1.3.  Seguidamente, en lo concerniente a que los embargos y secuestros no  son procedentes en este tipo de procesos (salvo en la sentencia que  decreta la disolución), aclaró que «en  ningún momento se haya mutado la naturaleza del proceso  liquidatorio en uno de índole declarativa. Ha de entenderse  que el Tribunal tan solo hace referencia que cuando se está  ante actuación procesal de nulidad, disolución y  liquidación de sociedades, se le ha de dar curso como si se  tratara de un proceso verbal (art. 525 C.G.P.) que es el que se ha de  seguir para procesos declarativos, pero en ningún momento la  etapa de liquidación en cuanto al nombramiento de liquidador,  se afirme que esté convirtiendo en declarativa. Lo declarativo  en sí se presenta cuando se ventila una nulidad o una  disolución vía judicial o ya arbitral, más no la  liquidación la cual es consecuencia al declararse aquellas».  Por tanto, enfatizó en que «al  estar disuelta la sociedad como en el presente caso, por voluntad de  los socios, el siguiente paso es liquidar obligatoriamente los  activos y pasivos de ésta, lo cual, para dar seguridad a  socios y acreedores, lo aconsejable y previsto es solicitar medidas  cautelares tal como se prevé en el num. 6 art. 529 del C. G.  P., concordante con lo establecido en el artículo 32 de la Ley  1563/2012».  

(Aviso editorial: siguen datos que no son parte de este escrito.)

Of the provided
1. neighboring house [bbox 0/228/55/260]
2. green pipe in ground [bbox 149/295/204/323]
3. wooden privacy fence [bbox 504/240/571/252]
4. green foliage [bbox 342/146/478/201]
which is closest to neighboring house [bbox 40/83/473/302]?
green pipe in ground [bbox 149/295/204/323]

2.  De lo expuesto, para esta Sala Civil y Agraria con independencia de  que se compartan o no todas las conclusiones del juez ordinario, la  decisión cuestionada no podría ser recibida como  irrazonable2.  Ello  pues,  fue proferida por el Juez natural, después de haberse  realizado un análisis normativo, probatorio y con argumentos  que no lucen irrazonables ni carentes de fundamento objetivo.  

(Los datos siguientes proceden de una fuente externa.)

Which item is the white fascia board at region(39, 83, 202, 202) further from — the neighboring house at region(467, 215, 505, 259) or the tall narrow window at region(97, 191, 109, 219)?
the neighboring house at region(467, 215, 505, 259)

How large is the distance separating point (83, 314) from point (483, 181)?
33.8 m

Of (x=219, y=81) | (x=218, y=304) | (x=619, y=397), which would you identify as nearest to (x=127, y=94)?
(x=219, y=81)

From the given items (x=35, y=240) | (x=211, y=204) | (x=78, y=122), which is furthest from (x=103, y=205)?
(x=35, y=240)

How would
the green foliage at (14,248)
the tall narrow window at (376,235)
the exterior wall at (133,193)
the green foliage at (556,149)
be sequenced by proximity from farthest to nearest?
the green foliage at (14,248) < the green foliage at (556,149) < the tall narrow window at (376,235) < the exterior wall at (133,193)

Se  reitera, la razonabilidad  es cuestión ancha: no se soporta -necesariamente- en la tesis  única. En gracia de discusión, podría también  apoyarse incluso sobre el disenso con respecto de aquello decidido  por la autoridad natural, siempre que no se aprecie una ostensible  vía de hecho –lo que se descarta en el caso en  concreto-. En  efecto, el  juez constitucional no es el llamado a intervenir a manera de  autoridad de instancia para establecer cuáles de los  planteamientos expuestos resultan ser los más acertados. Y,  tampoco, para ordenar una determinada apreciación o valoración  de los elementos demostrativos obrantes en el expediente  (ver en CSJ  STC 12201-2021, CSJ STC 11453-2021, CSJ STC 1218-2021, CSJ STC  9218-2021, CSJ STC2870-2021, CSJ STC 1551-2021, CSJ STC 492-2021, CSJ  STC 6617-2021, CSJ STC 5632-2021).  

En  mérito de lo expuesto, la Sala de Casación Civil y  Agraria de la Corte Suprema de Justicia, administrando justicia en  nombre de la República y por mandato de la ley, CONFIRMA  la  sentencia impugnada. Notifíquese esta providencia a los  interesados en la forma prevista por el artículo 30 del  Decreto 2591 de 1991. Oportunamente, remítase el expediente a  la Corte Constitucional para su eventual revisión.  

NOTIFÍQUESE  Y CÚMPLASE  

MARTHA  PATRICIA GUZMÁN ÁLVAREZ  

Presidente  de Sala  

HILDA  GONZÁLEZ NEIRA  

AROLDO  WILSON QUIROZ MONSALVO  

LUIS  ALONSO RICO PUERTA  

OCTAVIO  AUGUSTO TEJEIRO DUQUE  

FRANCISCO  TERNERA BARRIOS  

1          Folio 1-27. Anexo 0003Anexos.pdf.  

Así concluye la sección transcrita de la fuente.